Մատչելիության հղումներ

By Anna Saghabalian
A senior government official publicly branded the Armenian authorities “undemocratic” on Wednesday, accusing them of massively rigging the recent constitutional referendum and trampling on citizens’ right to own property.

The extraordinary remarks by Hranush Kharatian, head of the government department on ethnic minorities and religious affairs, were echoed by a prominent lawmaker affiliated with one of Armenia’s three governing parties. The two women did not mince their words as they commented on the main political and socioeconomic developments of the past year during a roundtable discussion in Yerevan.

Kharatian was asked whether she believes in her government’s claims that as many as 1.5 million people, or nearly two thirds of Armenia’s eligible voters, took part in the November 27 referendum and overwhelmingly voted for President Robert Kocharian’s constitutional amendments. “No I don’t,” she replied. “I toured polling stations on that day and according to my observations, only about 20 percent of the eligible voters took part [in the voting.]”

Kharatian’s estimates, which will hardly please the authorities, largely reflect the opinion of the Armenian opposition which insists that the real turnout was below 16 percent and that the referendum was blatantly rigged. Observers from the Council of Europe likewise noted a sharp contrast between empty polling stations and the official vote results.

The figures provided by the Central Election Commission were also dismissed as fraudulent by Alvard Petrosian, a parliament deputy from the governing Armenian Revolutionary Federation (Dashnaktsutyun). But she suggested that the Kocharian administration may have still received about 800,000 votes needed for the passage of the constitutional changes.

Petrosian was particularly scathing about the authorities’ pre-referendum “Yes” campaign managed by Dashnaktsutyun and its coalition partners. “You have to fail to understand the people’s psychology … in order to conduct such propaganda,” she said. “Deep down, every person has an instinct of resistance and opposite reaction. If you propagate even the best thing in such an ugly fashion, a person will feel like opposing it.”

“One and a half million of our people were not so tasteless as to go to the referendum,” added the Dashnaktsutyun lawmaker. “But there is always a small active segment [of the public]. Eighty percent of that active segment said yes.”

The two women were also highly critical in their assessment of the ongoing redevelopment in central Yerevan which has led to the forced evictions of owners of old houses torn down to make room for expensive residential and office complexes. Hundreds of them are unhappy with the size of financial compensations offered by the state, saying that it was set well below the market value of their properties as a result of government corruption.

The integrity and legality of the process has also been challenged by Armenia’s Office of Human Rights Defender. The authorities deny any wrongdoing, however.

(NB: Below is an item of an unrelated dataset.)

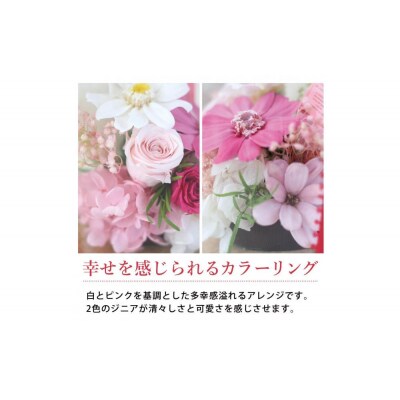 母の日ギフト プリザーブドフラワー ルヴェール 母の日ver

“We lacked the honesty to publicly state that we are taking illegal steps in redeveloping parts of Yerevan,” said Kharatian.

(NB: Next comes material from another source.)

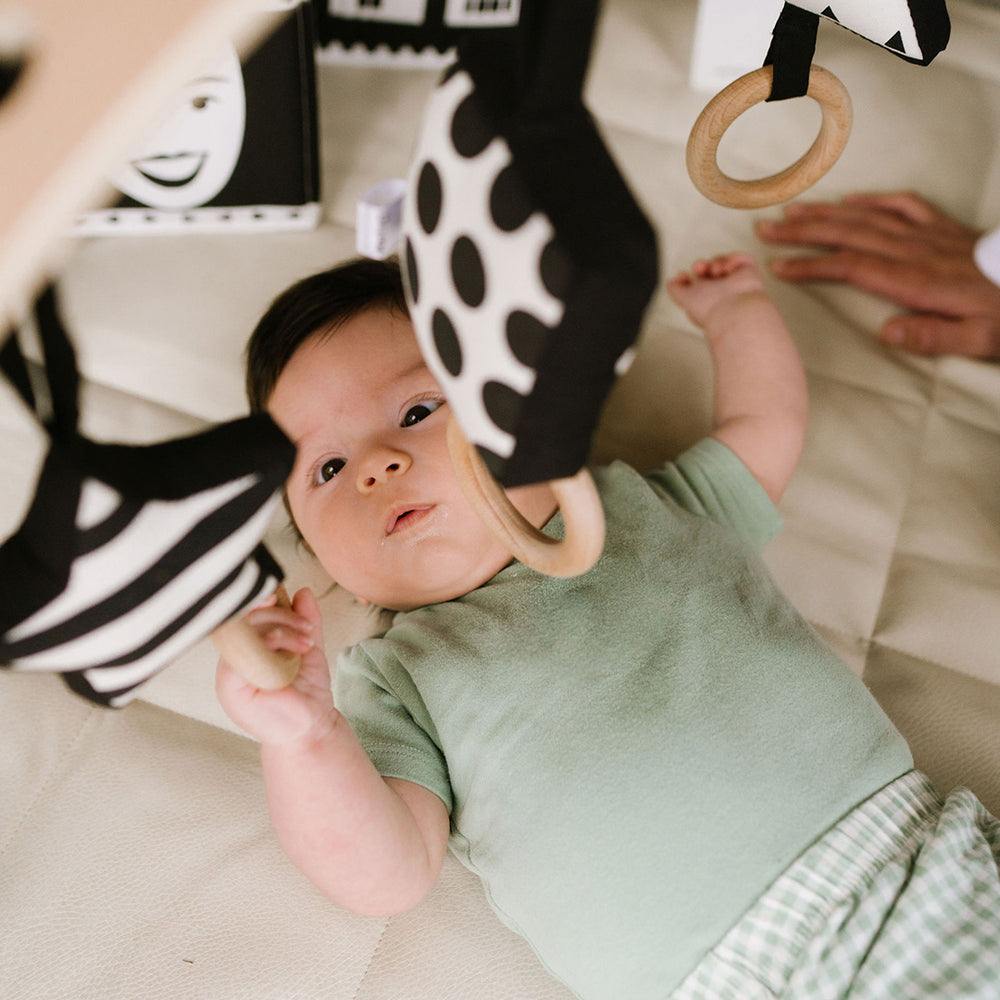 Black and white sensory newborn toys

“When we introduce liberal values we must bear in mind that the right to own property is something which can not be violated. And yet we have trampled on that right,” agreed Petrosian.

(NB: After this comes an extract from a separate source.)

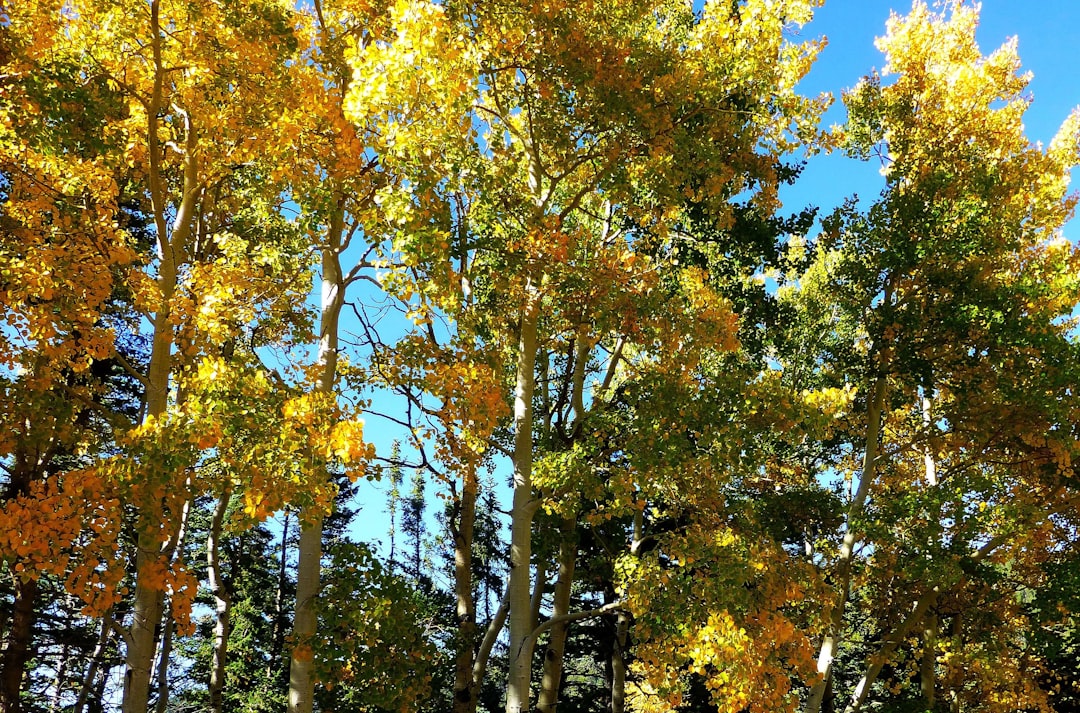 The Science Behind Nature's Ultimate Clone Army (Image Credits: Unsplash)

Kharatian, who is also a well-known sociologist, condemned in that regard the recent arrest and prosecution on highly controversial fraud charges of a human rights lawyer who helped some of the evicted residents sue the government. “That fact once again showed that our judicial system considers [defense] advocacy worthless and is ready to resort to political solutions for the sake of any economic or social transaction,” she charged.

According to Kharatian, the referendum’s conduct and the house demolitions also demonstrate that all branches of government in Armenia are “undemocratic in a broad sense.” “I see undemocratic steps in the National Assembly, the government, the presidential administration and the judicial system,” the official said.